Tensorforce DQN Implementation

This agent shows far better evidence of learning, which means that the first model I made was flawed in its hyperparameter selection. Using Tensorforce, it was easy to compare this with a Proximal-Policy Optimization (PPO) Agent using the same hyperparameters. I did this because PPO is a more popular algorithm in the field today and was easy to implement in Tensorforce.

Tensorforce PPO Implementation

Unfortunately, it looks like the PPO agent did not have the ideal set of hyperparameters to learn a useful policy. As RL researchers are well aware, the same hyperparameters don’t work well among different algorithms even for the same problem, underlining the fragility of the algorithms we have today. However, I’d be interested in seeing how a tuned PPO agent performs as compared to a DQN agent for Ms. Pac-Man.

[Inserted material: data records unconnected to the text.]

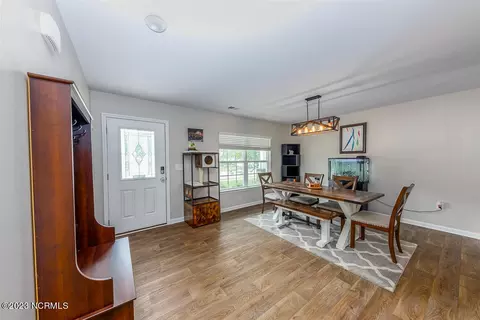 208 Frida Rd, New Bern, NC 28560 photo 10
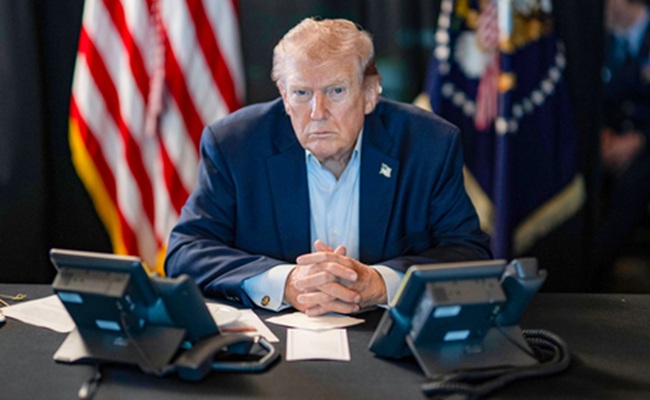 Trump's signature to appear on US currency​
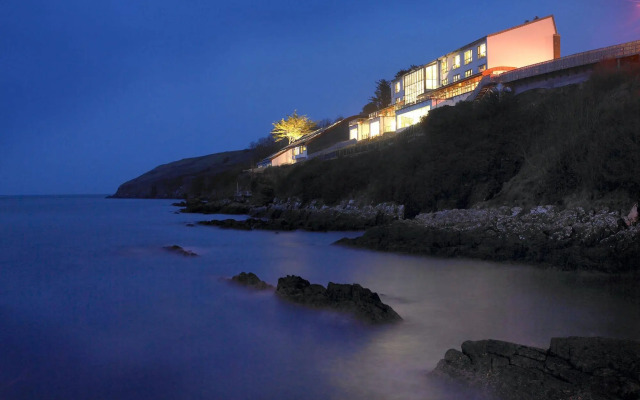 Cliff House Hotel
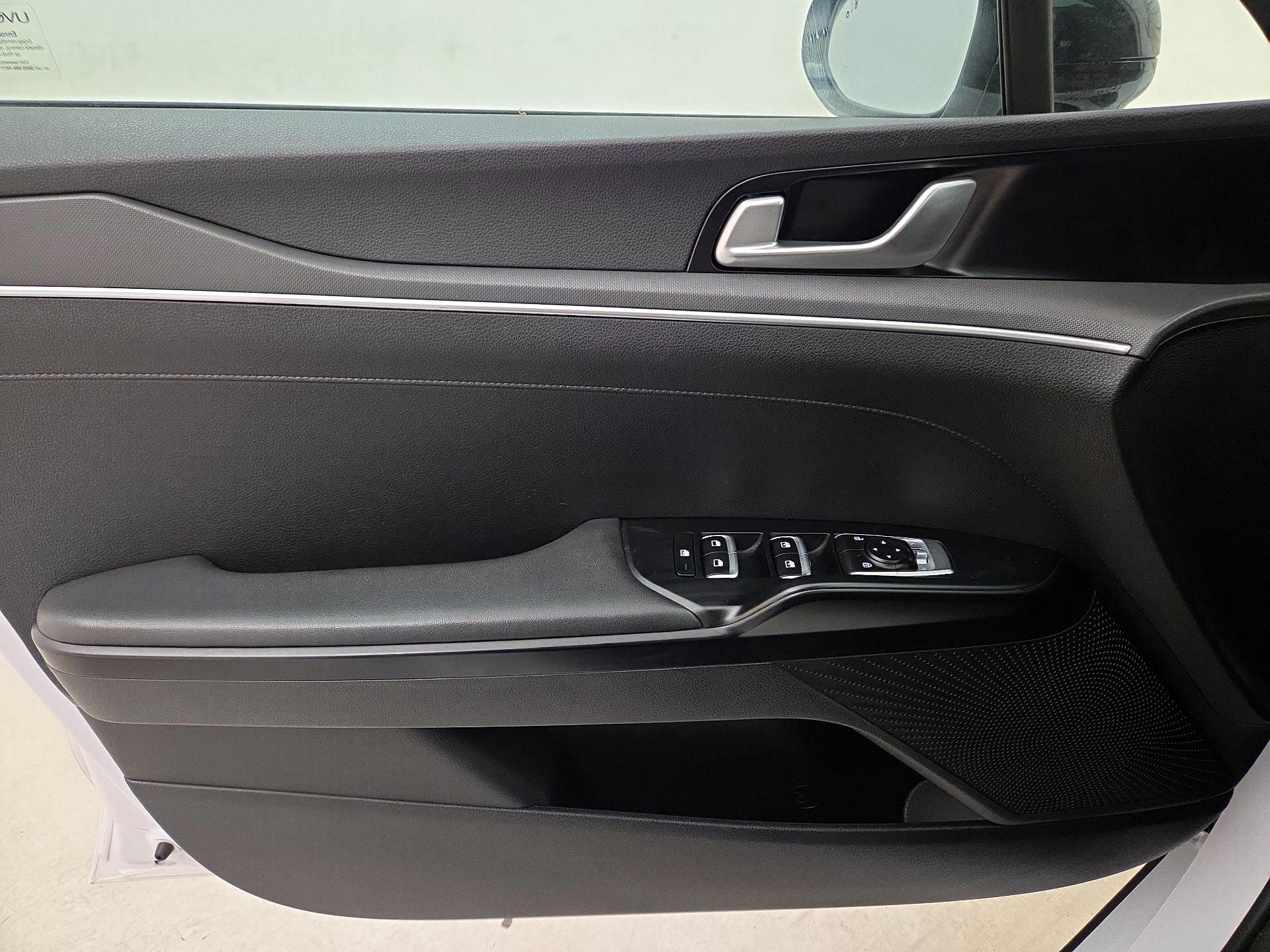 Thumbnail: 2021 Kia K5 - 12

One last point I’d like to talk about is the computational costs of training reinforcement learning agents. For my experiments, the barebones Tensorflow implementation took about 24 hours to run about 12,000 episodes, with no GPU and 8 GB RAM. The Tensorforce DQN took 4 nights on the same machine, and the PPO agent took 1 night to do about 4,000 episodes. Ideally, with the computational resources to train these more quickly using several machines, one would be able to simulate episodes much more quickly and train the models’ neural networks more quickly as well. In advancing the field of reinforcement learning, finding ways to streamline the computational cost of the training (which requires greater processing and memory for simulating environments and training neural networks) is as crucial as the algorithmic progress that has occurred. In that line of thought, one area I’d like to delve into further after this is the various blackbox (gradient-free) methods that exist from previous RL-research. The computational efficiency of these methods might make them a promising method of training along with gradient-based methods like DQNs, policy gradients, etc. In producing a model that is a hybrid of gradient-free and gradient-based methods, one may be able to find quicker convergence, though of course such a hypothesis has little meaning without experimental evidence.